Mein Dank an Dr. Michael Kötz, Intendanten des Festivals des deutschen Films

Lieber Herr Kötz,

ich danke Ihnen vielmals dafür, dass Sie mich von meinen Irrtümern befreit haben. Ich dachte tatsächlich, dass der Film „End of Landschaft“ nicht nur scheinbar, sondern wirklich wirkliche Menschen zeigt, dass diese Menschen, Betroffene oder Experten, ihre Wahrheit sagen und über ihre Wirklichkeit sprechen, dass sie als wirkliche Menschen und nicht als künstlerische Elemente wahrgenommen werden wollen und dass der Filmemacher zu einigen von ihnen tatsächlich ein herzliches Verhältnis hat, wie seine Stimme im Off mehrfach behauptet. Ihr Schicksal hat mich in anderer Weise berührt, als wenn es Schauspieler gewesen wären, die eine Rolle spielen. Die Dokumentation dessen, was im Odenwald passiert, habe ich anders wahrgenommen, als wenn ich einen Spielfilm gesehen hätte, der eine solche Geschichte erzählt. Ich unterlag dem Irrtum, dass das Bestreben dieses Films darin bestünde, die Wirklichkeit zur Darstellung zu bringen.

Die in Mecklenburg-Vorpommern regierende SPD/CDU-Koalition setzt eine Fiktion an die Stelle der Realität. Sie behauptet, dass das massenhafte Aufstellen von Windrädern, die oftmals Strom erzeugen, der weder gespeichert noch abgeführt werden kann, das Weltklima rette, dass die Invasion der Windkraftanlagen die Gesundheit der Menschen nicht schädige, ihr Lebensumfeld nicht nachteilig verändere, Immobilien und Tourismusgebiete nicht entwerte, keine schweren und irreversiblen Eingriffe in die Natur vornehme und die LANDSCHAFT nicht elend verENDen lasse. Der Film von Jörg Rehmann erschien vielen von uns als die Restitution einer uns vorenthaltenen Wirklichkeit. Wenn er nun aber freimütig sagt: „Das ist keine Pfeife. Das ist nicht die Realität“, so sind wir enttäuscht, weil er uns Menschen im ländlichen Raum auf uns selbst und in unsere soziale Isolation zurückwirft.
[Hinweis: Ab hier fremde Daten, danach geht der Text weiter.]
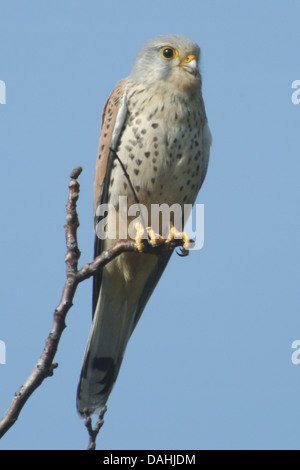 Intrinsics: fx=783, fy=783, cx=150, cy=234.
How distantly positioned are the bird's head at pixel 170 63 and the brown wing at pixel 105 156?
0.61 feet

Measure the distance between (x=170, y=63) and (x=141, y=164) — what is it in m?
0.77

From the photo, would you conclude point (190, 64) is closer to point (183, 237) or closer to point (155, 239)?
point (183, 237)

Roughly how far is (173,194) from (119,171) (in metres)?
0.35

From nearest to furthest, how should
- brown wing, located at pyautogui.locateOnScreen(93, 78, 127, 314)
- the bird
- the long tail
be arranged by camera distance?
1. the long tail
2. the bird
3. brown wing, located at pyautogui.locateOnScreen(93, 78, 127, 314)

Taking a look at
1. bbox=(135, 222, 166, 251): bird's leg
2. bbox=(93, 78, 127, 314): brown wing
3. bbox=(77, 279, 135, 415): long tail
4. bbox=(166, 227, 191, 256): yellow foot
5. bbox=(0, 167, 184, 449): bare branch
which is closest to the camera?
bbox=(0, 167, 184, 449): bare branch

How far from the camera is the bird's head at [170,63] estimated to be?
476 cm

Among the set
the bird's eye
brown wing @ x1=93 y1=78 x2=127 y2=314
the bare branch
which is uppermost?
the bird's eye

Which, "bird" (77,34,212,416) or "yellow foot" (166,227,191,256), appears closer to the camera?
"yellow foot" (166,227,191,256)

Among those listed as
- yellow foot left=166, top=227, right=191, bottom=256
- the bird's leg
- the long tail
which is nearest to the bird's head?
yellow foot left=166, top=227, right=191, bottom=256

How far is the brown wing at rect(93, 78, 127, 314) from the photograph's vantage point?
185 inches

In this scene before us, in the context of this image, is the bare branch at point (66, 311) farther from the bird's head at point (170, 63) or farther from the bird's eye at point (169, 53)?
the bird's eye at point (169, 53)

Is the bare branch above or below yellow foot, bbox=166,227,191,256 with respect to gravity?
below

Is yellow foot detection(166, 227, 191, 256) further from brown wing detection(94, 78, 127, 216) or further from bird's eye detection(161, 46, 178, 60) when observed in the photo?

Da ich von der unrichtigen Prämisse ausging, dass der Film die Wirklichkeit zur Darstellung bringen will, deutete ich die Musik als Mittel, um Natur und Naturzerstörung darzustellen, weil ein Film, der den Zuschauer im Dunkeln auf einem Stuhl stillsetzen lässt und nur zwei seiner Sinne direkt anspricht, wenn er einfach nur Bild- und Tonaufnahmen von der Natur präsentierte, nicht die Fülle eines Naturerlebnisses bieten könnte, bei welchem der ganze Mensch von der Natur umschlossen wird und mit ihr interagiert. Mir erschien der Einsatz der Musik daher plausibel und akzeptabel. Andere Zuschauer aber, die wie ich von der falschen Voraussetzung ausgingen, dass der Film im Kontext einer politischen Diskussion über Windkraft argumentiert, empfanden die Musik als rhetorisches Mittel, das der Filmemacher demagogisch einsetzt, indem er, da ihm die rationale Argumentation offenbar nicht mehr ausreicht, mit der Gewalt der Musik auf den Zuschauer losgeht, um ihm seine Perspektive aufzuzwingen.

Die aktuelle Aufführungspraxis (politische Funktionalisierung, improvisierte Kinoräume) trägt sehr dazu bei, dass dieser Film anders verstanden wird, als er von Jörg Rehmann intendiert war. Es wäre schön, wenn der Film in einem großen Berliner Kino liefe.